In one embodiment, controlled specularities are used to detect a pupil in a region of interest. As discussed in previous sections, one operational embodiment finds the head, then face, and then the eye using WFOV, and then uses NFOV to localize the iris. This operational embodiment is based on using normal images while abnormal image regions such as specularities are treated as outliers. However, the artifacts can be used if they can be controlled. For example, specularities have been used to find a human's pupil directly if the eyes are illuminated with near-infrared illuminators 125. By putting illuminators 125 along and off the camera axis, the bright-pupil effect and dark-pupil effect can be produced respectively. By turning two sets of illuminators on and off sequentially, reliable detection of bright pupils can be achieved without confusing those bright pupils with glints produced by corneal reflection of IR light.

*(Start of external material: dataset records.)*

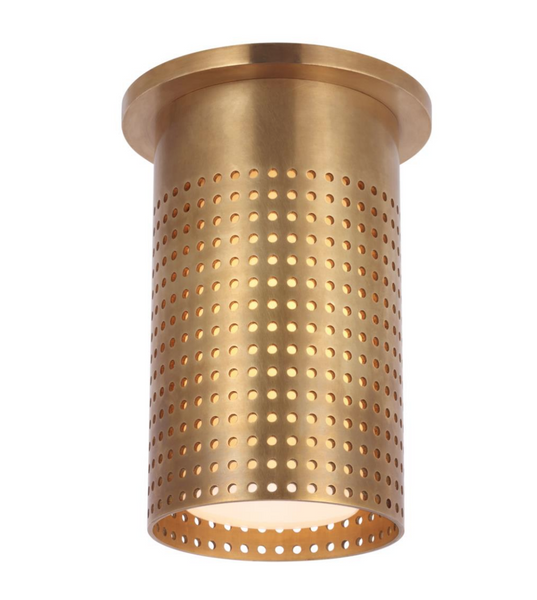 "Precision 9” plafond by Kelly Wearstler Visual Comfort brand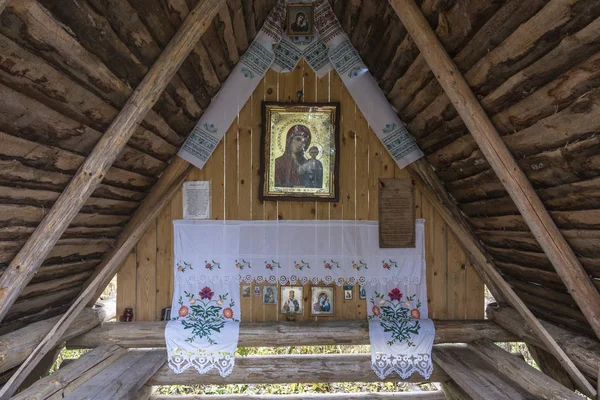 Santa Primavera Honor Del Icono Kazan Madre Dios Día Otoño — Foto de Stock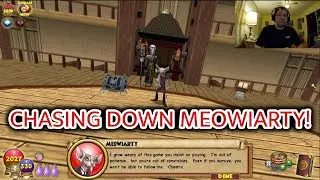 Chasing Down Meowiarty! (Wizard 101)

Using controlled illuminators 125, the specularity can be used to detect the eye regions directly. Controlled illuminators 125 may also be integrated with the head-face-eye approach for speed and robustness within the WFOV and/or NFOV apparatus. In this embodiment, multiple light sources are modulated over time to help identify the location of the eye.

FIG. 3 illustrates an iris image enhancement process of the present invention. In one embodiment a plurality of iris images may be processed to form a single iris image. When multiple iris images are being acquired while an individual is on the move, the iris images need to be processed and selected before being sent to a recognition module. The image quality control module (IQCM) 150 handles this task. IQCM 150 first filters out the bad quality iris images—such as ones that are out of focus, incomplete, or have too many reflections. A group of qualified images is then processed to form a single high quality iris image. Iris localization is then performed by detecting the contours of the iris and pupil. This process involves image registration—to align the iris images over time, select portions of imagery without artifacts, and combine the remaining image portions to produce a single high quality image of the iris.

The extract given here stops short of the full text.